A tradição de consorciar o algodão com as leguminosas feijão-de-corda (Vigna unguiculata) e feijão-de-arranque (Phaseolus vulgaris) permitia o aporte de nitrogênio ao sistema. Os agricultores também podiam intercalar o milho, o jerimum, o cará, a macaxeira, entre outras espécies alimentares. Depois da colheita do algodão, suas ramas (folhas verdes) eram utilizadas como alimento para os animais. Das sementes era extraído o azeite empregado nos candeeiros. Após a extração do azeite, sobrava a torta do algodão, alimento de qualidade fornecido às vacas de leite. Além desses subprodutos, o sistema prestava um importante serviço ambiental na medida em que as fileiras de algodão arbóreo, que chegavam a atingir cinco a sete metros de altura, funcionavam como uma cortina quebra-ventos, o que nas condições climáticas da região é um grande aliado na economia da água do sistema.
No entanto, a partir da década de 1980, a atividade entrou numa trajetória de decadência em função de uma conjugação de fatores de ordem ambiental e econômica, em especial a política de liberalização dos mercados agrícolas adotada pelo governo brasileiro, favorecendo a importação de grandes volumes de pluma de algodão em detrimento dos produtores da região.
Do ponto de vista ambiental, criou-se um verdadeiro “caos ecológico” com as transformações técnicas introduzidas nos sistemas de produção, sobretudo com a substituição do algodão arbóreo (mocó e seridó) por variedades herbáceas.

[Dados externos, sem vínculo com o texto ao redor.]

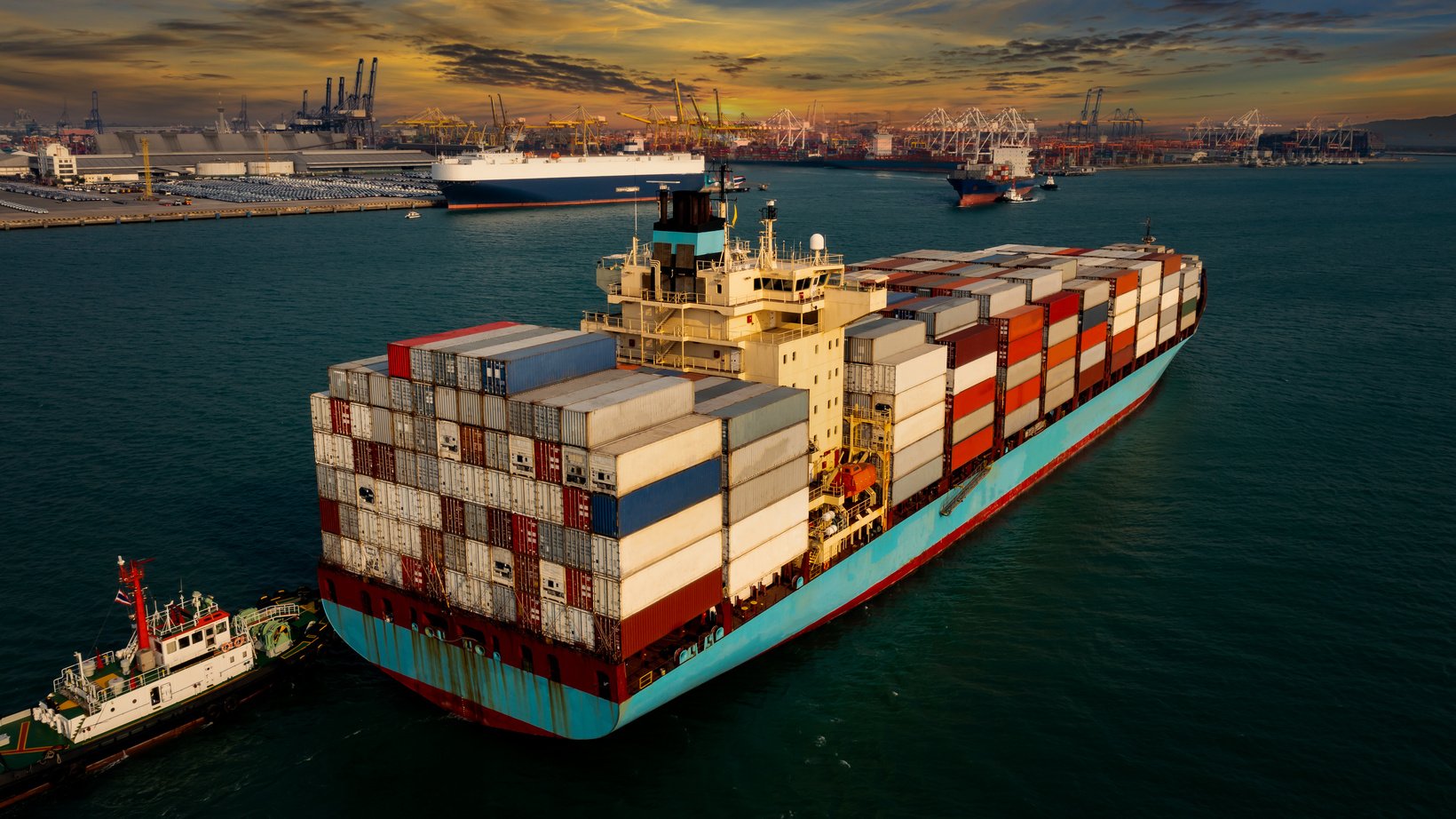 ship container transporting large cargo logistic import export goods internationally worldwide and shipping port background industry business service transportation by container ship in sea at evening angle view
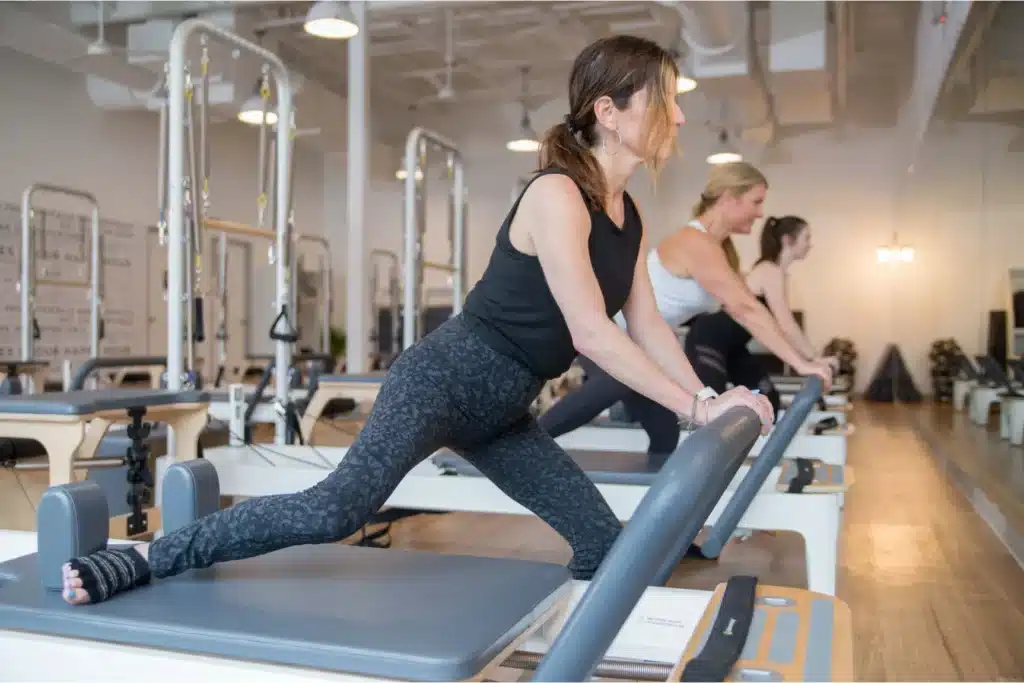 Three women exercise on Pilates reformer machines in a bright studio, stretching their legs and focusing ahead.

Por não encontrarem na região as condições ambientais adequadas para expressar seus potenciais produtivos, essas variedades vieram acompanhadas de um pacote tecnológico intensivo em insumos externos e tratos culturais. Além de gerar aumentos substanciais nos custos de produção e na demanda de trabalho, esse pacote induziu o plantio do algodão em sistema de monocultivo, contrariando a tradição regional de intercalação de espécies alimentícias nos algodoais. A combinação desses fatores criou as condições propícias para a proliferação desenfreada de populações de insetos-praga no algodão, em particular o bicudo.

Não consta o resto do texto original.